──────── Material for this task

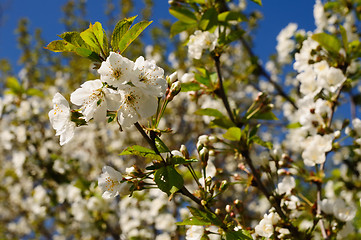 Image showing Plum blossom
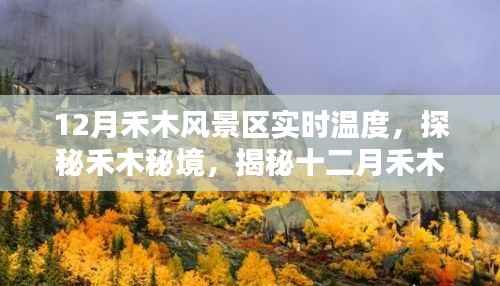 揭秘十二月禾木风景区冰雪奇缘的实时温度，探秘禾木秘境之旅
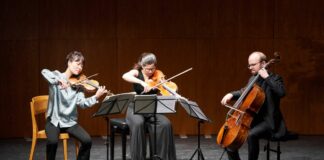 Teatro Toniolo, 39^ Stagione di musica da camera e sinfonica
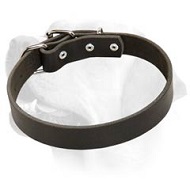 Classical Leather Dog Collar For Labrador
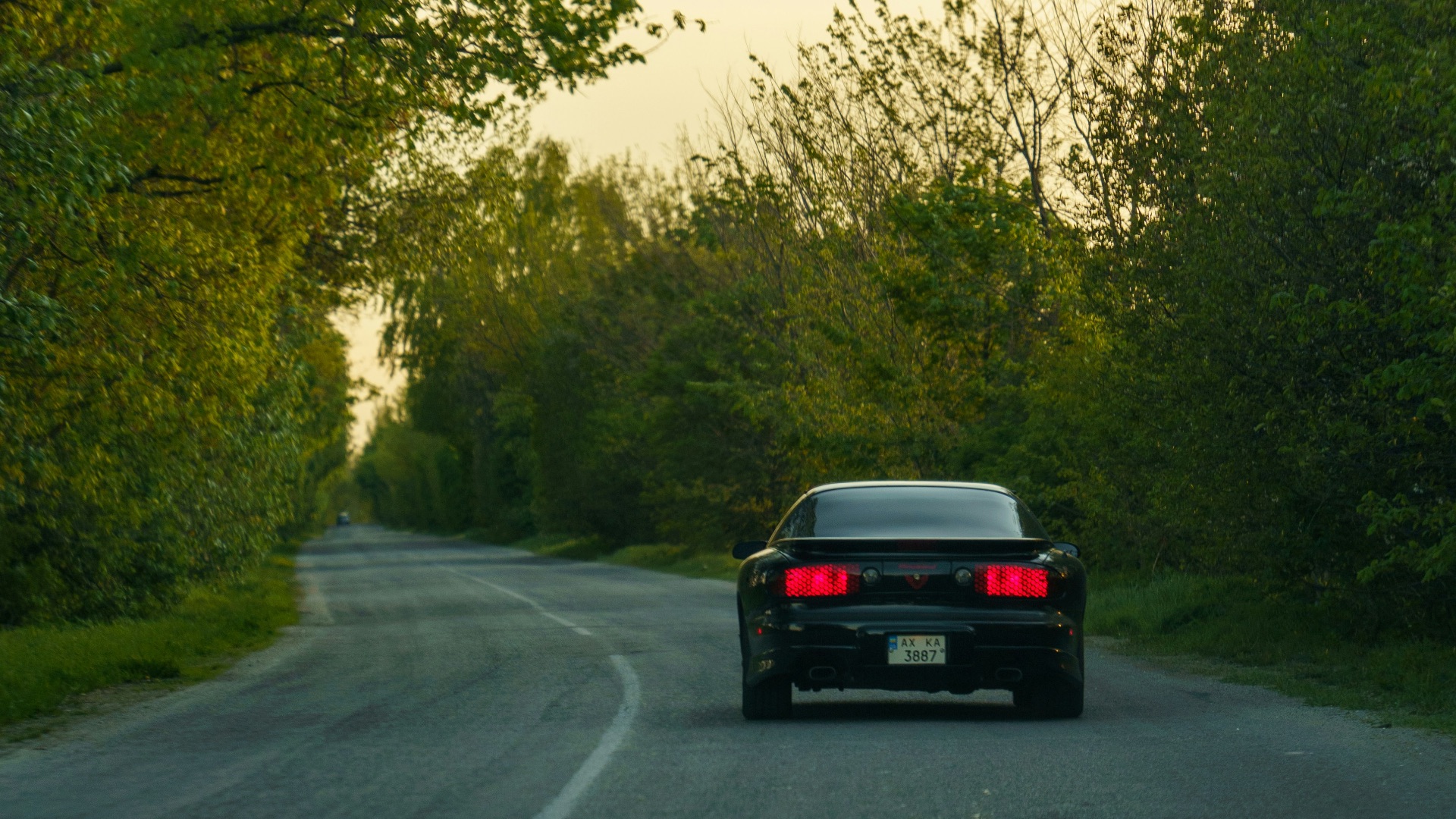 a black car driving down a tree lined road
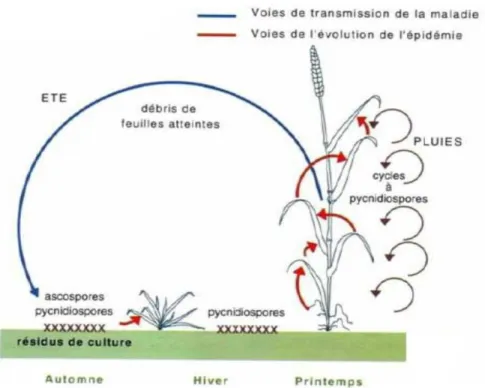 Figure  6  –  Représentation  schématique  du  développement  polycyclique  de  Zymoseptoria  tritici  –  d’après Caron (2000) 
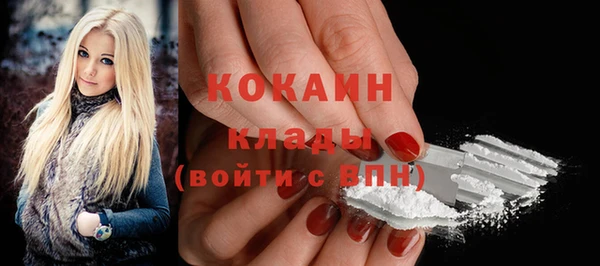 стаф Магас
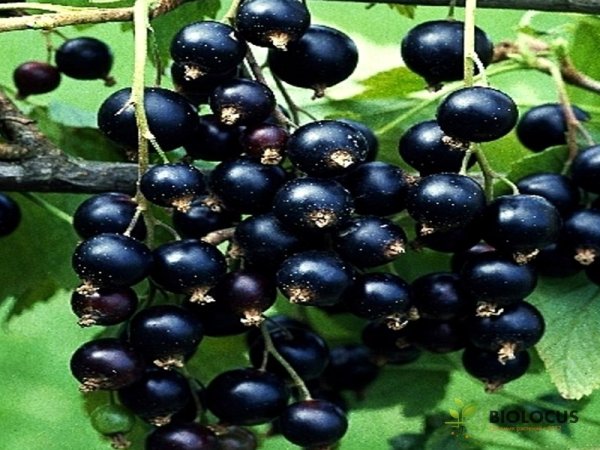 Смородина чёрная Тихоуп — фото сорта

────────────────

◆ Task statement ◆
Transcribe the lines that run from the line bearing "d’après Caron (2000)" through the last line of the data. Keep the wording exact and leave out every picture.

◆ Result of this exercise ◆
 Figure  6  –  Représentation  schématique  du  développement  polycyclique  de  Zymoseptoria  tritici  –  d’après Caron (2000) 
 стаф Магас
 Смородина чёрная Тихоуп — фото сорта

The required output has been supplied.